The concurrency problem can only be solved with some form of locking. The lookup problem can be solved with indexes. Rather than trying to write safe locking or indexing in Fortran, it is much better to use an existing database solution. The simplest that meets these needs is SQLite. SQLite is a library that stores data in a database file and provides the functionality of an SQL engine to all processes accessing that file. We don't (yet?) need the full functionality of SQL just the implicit locking and indexing. It runs on Mac, Windows, and Linux. It is public domain licensed, and is usually installed by default on all Linux distributions.
Implementation
As SQLite is a C code, a wrapper library is needed. This was taken from
"flibs", which
provides a Fortran interface to the C code. It also requires the sqlite3.h file to be installed. This is available from the
"sqlite webpage", or can be be installed via a package manager,
for example apt-get install libsqlite3-dev
on debian, yum install libsqlite3x-devel
on Redhat
or zypper install sqlite3-devel
on Suse.
In quantics, where possible, the non-DB code has been left unaltered.

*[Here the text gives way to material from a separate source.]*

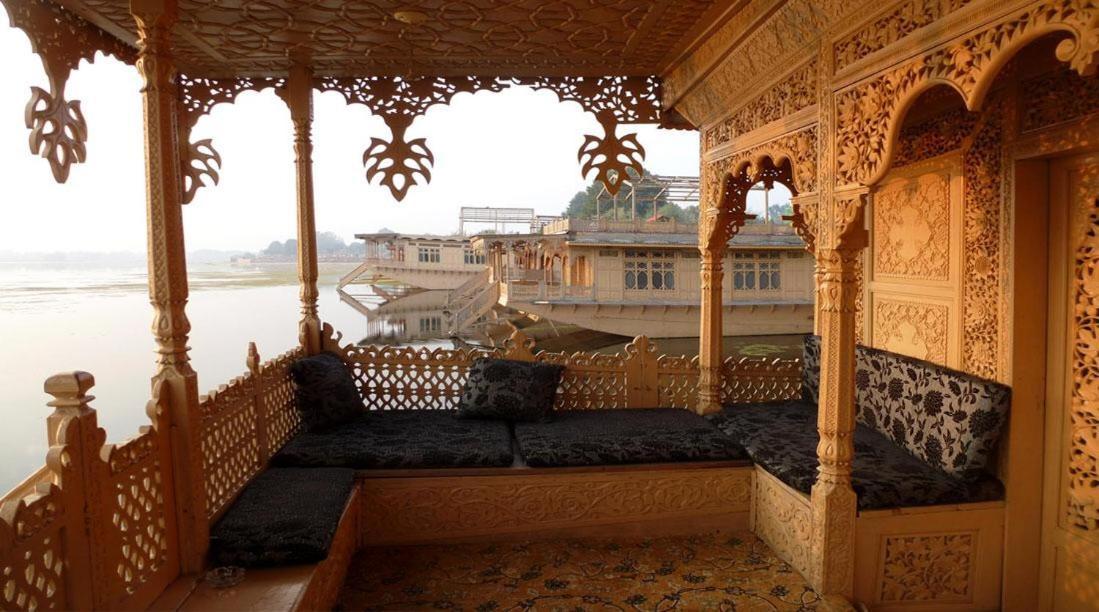 Yadgaar Houseboats Hotel Srinagar  Exterior photo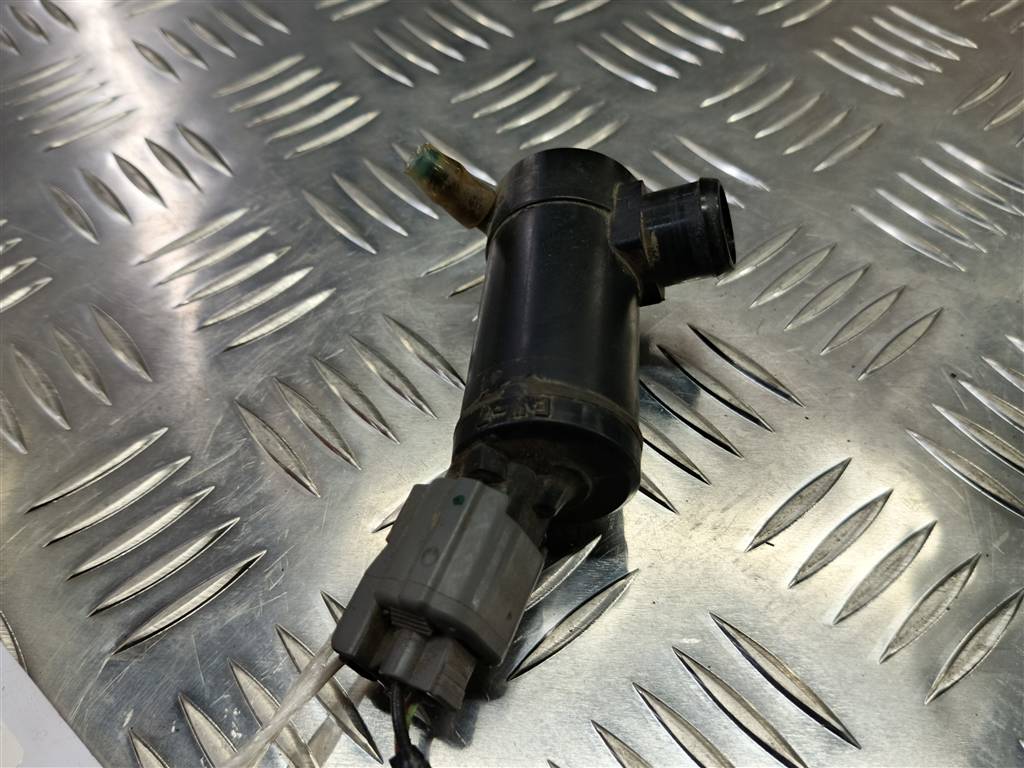 насос омывателя (моторчик) MITSUBISHI L200   8260A008, 1780 рублей, Москва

The initial goal was to get the SQL DB working, before moving to
refactoring the rest of the code to use the DB more efficiently. There's a
new library in lib/db_sql
which contains the C and Fortran
code interfacing to libsqlite, and an assortment of routines which
are intended to be the only means of accessing the DB.
The routines in analyse/
that use the DB have been
altered to use the SQL format. The assumption is that the "at-rest"
state of the database should probably be the SQL format. Its file
format is platform independent (32 vs 64 bit, big-endian vs little-endian);
also, if more than one instance of quantics is reading the same database,
one of them finishing and converting the DB to ascii will interrupt the
others.
Reading and Writing DB Quantities
The DB quantities are written and read with dbrdXXX
and
dbwrXXX
subroutines (XXX
might be
geo
, pes
, etc). The call looks like: call
dbgetXXX( db, id, ...)
where db
is the (already opened) database
structure (use sqlite_types
) and id
is the row
number of the entry to be retrieved. All retrievals by id
are
constant time (independent of the number of rows in the database).
Writing a set of quantities into the DB is a little more involved.
First, a transaction must be started. Transactions are processed by
databases atomically—that is they either happen or they don't.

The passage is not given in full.